Saynur Tozlu Röportajı



Bursa Büyükşehir Belediyesi’nden başarılı basketbolcu Saynur Tozlu ile bir röportaj gerçekleştirdik;


1)     Saynur Tozlu kimdir? Bize biraz kendinizden bahseder misiniz?

-1987 uşak doğumluyum. 10 yaşımdan beri basketbol oynuyorum. Galatasaray altyapısından yetiştim ve daha sonrasında çeşitli takımlarda görev aldım. Ailem ile birlikte İzmir'de yaşıyorum.

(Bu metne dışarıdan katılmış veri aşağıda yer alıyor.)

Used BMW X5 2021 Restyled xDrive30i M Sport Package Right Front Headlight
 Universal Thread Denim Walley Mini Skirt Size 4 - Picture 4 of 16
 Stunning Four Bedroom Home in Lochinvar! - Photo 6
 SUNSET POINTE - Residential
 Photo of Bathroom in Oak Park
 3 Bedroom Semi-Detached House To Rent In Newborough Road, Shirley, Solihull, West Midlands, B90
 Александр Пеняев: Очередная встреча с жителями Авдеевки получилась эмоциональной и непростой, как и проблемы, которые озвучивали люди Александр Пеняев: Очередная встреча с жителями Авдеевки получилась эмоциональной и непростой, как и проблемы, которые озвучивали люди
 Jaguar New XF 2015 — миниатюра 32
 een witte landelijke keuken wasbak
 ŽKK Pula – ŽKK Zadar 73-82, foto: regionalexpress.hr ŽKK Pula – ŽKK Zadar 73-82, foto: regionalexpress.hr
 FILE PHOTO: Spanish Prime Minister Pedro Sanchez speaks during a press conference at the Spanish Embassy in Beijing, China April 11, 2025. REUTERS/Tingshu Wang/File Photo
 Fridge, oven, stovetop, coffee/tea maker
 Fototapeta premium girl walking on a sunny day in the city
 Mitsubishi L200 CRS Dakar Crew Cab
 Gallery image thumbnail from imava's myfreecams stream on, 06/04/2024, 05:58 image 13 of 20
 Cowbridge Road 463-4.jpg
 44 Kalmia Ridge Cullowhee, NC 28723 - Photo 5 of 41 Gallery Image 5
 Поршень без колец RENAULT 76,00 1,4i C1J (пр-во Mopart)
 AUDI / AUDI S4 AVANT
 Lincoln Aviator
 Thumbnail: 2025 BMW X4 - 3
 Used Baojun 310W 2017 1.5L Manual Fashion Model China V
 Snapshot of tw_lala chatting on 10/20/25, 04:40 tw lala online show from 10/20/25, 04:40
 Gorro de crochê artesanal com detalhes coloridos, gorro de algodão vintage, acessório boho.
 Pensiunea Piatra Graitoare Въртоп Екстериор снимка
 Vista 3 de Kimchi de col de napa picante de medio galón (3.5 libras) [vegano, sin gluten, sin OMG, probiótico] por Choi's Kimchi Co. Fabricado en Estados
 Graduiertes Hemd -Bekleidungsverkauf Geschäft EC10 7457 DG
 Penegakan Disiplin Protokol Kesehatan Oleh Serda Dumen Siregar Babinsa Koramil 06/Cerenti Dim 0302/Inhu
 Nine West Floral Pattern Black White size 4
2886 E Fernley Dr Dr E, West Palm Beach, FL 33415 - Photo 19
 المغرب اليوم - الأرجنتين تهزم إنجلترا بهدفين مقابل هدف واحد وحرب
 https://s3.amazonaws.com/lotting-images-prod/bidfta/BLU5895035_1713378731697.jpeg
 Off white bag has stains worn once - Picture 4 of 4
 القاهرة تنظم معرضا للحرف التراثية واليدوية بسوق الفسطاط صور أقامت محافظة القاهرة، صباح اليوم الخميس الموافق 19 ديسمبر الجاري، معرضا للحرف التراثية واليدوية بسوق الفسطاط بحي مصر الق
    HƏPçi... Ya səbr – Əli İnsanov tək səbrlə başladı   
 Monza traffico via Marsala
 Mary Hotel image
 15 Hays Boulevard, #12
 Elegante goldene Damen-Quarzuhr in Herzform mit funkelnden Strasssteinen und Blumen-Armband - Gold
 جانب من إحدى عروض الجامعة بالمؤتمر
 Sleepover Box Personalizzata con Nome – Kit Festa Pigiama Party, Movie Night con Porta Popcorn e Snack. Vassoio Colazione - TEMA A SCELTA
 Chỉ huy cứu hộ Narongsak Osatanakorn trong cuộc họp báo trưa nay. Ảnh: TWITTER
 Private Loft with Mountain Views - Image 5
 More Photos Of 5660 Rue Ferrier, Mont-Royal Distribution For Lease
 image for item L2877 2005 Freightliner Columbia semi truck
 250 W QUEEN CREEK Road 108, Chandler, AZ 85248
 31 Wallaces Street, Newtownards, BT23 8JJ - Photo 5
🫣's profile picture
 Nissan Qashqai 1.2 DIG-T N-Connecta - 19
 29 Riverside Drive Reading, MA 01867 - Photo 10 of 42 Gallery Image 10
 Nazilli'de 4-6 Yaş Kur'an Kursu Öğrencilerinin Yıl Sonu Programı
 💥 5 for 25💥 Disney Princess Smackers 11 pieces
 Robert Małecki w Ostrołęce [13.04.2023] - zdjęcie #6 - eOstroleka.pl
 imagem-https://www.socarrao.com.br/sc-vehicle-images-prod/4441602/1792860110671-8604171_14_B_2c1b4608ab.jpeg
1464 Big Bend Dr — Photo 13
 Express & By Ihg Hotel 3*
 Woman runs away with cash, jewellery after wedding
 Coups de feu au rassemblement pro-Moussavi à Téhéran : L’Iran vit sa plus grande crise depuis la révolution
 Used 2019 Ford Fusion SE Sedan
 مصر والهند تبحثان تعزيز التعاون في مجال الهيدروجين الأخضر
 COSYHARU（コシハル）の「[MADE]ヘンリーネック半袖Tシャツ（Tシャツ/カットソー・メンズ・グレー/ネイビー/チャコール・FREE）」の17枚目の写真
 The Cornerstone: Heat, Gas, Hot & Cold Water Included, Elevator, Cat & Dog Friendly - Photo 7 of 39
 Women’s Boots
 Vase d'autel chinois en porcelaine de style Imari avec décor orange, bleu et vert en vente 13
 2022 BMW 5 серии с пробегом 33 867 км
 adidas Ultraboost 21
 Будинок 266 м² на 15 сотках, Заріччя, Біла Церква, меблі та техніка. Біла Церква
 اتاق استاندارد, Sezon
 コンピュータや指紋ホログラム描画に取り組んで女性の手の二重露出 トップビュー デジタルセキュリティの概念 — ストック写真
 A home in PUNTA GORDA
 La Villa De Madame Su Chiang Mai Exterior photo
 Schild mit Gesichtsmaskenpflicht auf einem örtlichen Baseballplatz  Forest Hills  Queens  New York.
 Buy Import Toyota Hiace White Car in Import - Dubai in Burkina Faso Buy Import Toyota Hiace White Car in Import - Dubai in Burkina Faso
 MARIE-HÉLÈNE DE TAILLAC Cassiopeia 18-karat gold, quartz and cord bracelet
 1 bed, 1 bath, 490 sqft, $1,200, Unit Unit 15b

2)     Basketbola başlamaya nasıl karar verdiniz? Sizi keşfeden biri oldu mu?
-Basketbola Uşak'ta yaz okuluna giderek başlamıştım. Aslında başlarken basketbol hakkında hiç bir bilgim yoktu ama çok enerjik bir çocuktum ve enerjimi atabilmem için ailemin yönlendirmesiyle başlamıştım. Daha sonrasında anne ve babamın tayinlerinin çıkması sonucunda İzmir’e yerleştik ve bu sefer ben basketbola devam etmek istedim. 2 sene İzmir’de kaldıktan sonra 13 yaşımda Galatasaray’a transfer oldum ve devamı da geldi.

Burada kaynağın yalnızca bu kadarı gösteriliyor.